Whole-exome sequencing identifies MDH2 as a new familial paraganglioma gene

• Published in: JNCI : Journal of the National Cancer Institute Vol. 107; no. 5; p. 1
• Main Authors: Cascón, Alberto, Comino-Méndez, Iñaki, Currás-Freixes, María, de Cubas, Aguirre A, Contreras, Laura, Richter, Susan, Peitzsch, Mirko, Mancikova, Veronika, Inglada-Pérez, Lucía, Pérez-Barrios, Andrés, Calatayud, María, Azriel, Sharona, Villar-Vicente, Rosa, Aller, Javier, Setién, Fernando, Moran, Sebastian, Garcia, Juan F, Río-Machín, Ana, Letón, Rocío, Gómez-Graña, Álvaro, Apellániz-Ruiz, María, Roncador, Giovanna, Esteller, Manel, Rodríguez-Antona, Cristina, Satrústegui, Jorgina, Eisenhofer, Graeme, Urioste, Miguel, Robledo, Mercedes
• Format: Journal Article
• Language: English
• Published: United States Oxford Publishing Limited (England) 01.05.2015
• Subjects: Cancer; Citric Acid Cycle; Deoxyribonucleic acid; DNA; DNA, Neoplasm - analysis; Down-Regulation; Enzymes; Exome; Fumarates - metabolism; Gene expression; Gene Expression Regulation, Enzymologic; Gene Expression Regulation, Neoplastic; Genetic Predisposition to Disease; Germ-Line Mutation; HeLa Cells; Humans; Malate Dehydrogenase - genetics; Malate Dehydrogenase - metabolism; Malates - metabolism; Male; Middle Aged; Mutation; Paraganglioma - genetics; Paraganglioma - metabolism; Pheochromocytoma - genetics; Pheochromocytoma - metabolism; Sequence Analysis, DNA; Tumors
• ISSN: 0027-8874; 1460-2105; 1460-2105
• DOI: 10.1093/jnci/djv053

Disruption of the Krebs cycle is a hallmark of cancer.

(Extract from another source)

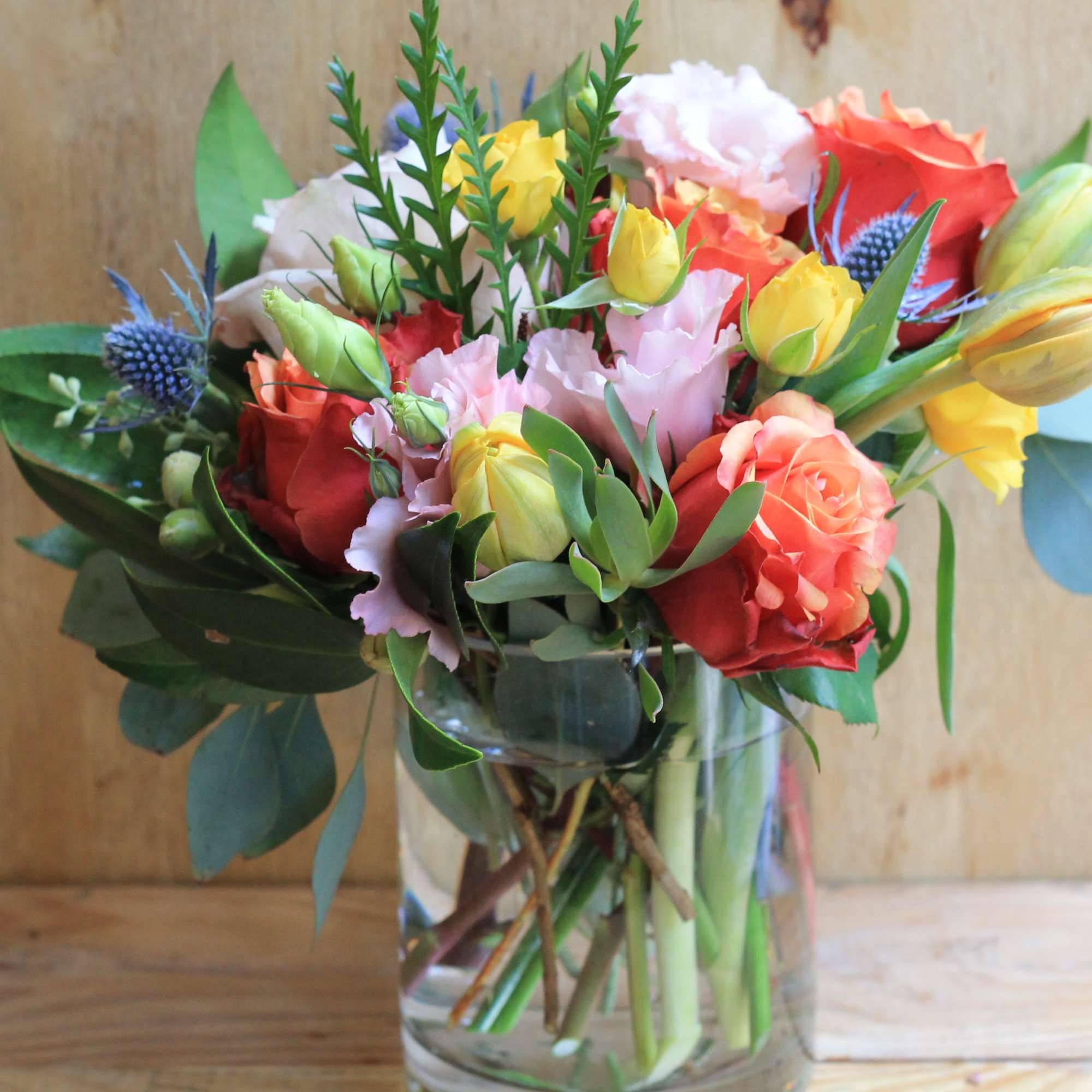 A perfect thank you gift.  A bright mix of seasonal flowers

IDH1 and IDH2 mutations are found in many neoplasms, and germline alterations in SDH genes and FH predispose to pheochromocytoma/paraganglioma and other cancers. We describe a paraganglioma family carrying a germline mutation in MDH2, which encodes a Krebs cycle enzyme. Whole-exome sequencing was applied to tumor DNA obtained from a man age 55 years diagnosed with multiple malignant paragangliomas. Data were analyzed with the two-sided Student's t and Mann-Whitney U tests with Bonferroni correction for multiple comparisons. Between six- and 14-fold lower levels of MDH2 expression were observed in MDH2-mutated tumors compared with control patients. Knockdown (KD) of MDH2 in HeLa cells by shRNA triggered the accumulation of both malate (mean ± SD: wild-type [WT] = 1±0.18; KD = 2.24±0.17, P = .043) and fumarate (WT = 1±0.06; KD = 2.6±0.25, P = .033), which was reversed by transient introduction of WT MDH2 cDNA. Segregation of the mutation with disease and absence of MDH2 in mutated tumors revealed MDH2 as a novel pheochromocytoma/paraganglioma susceptibility gene.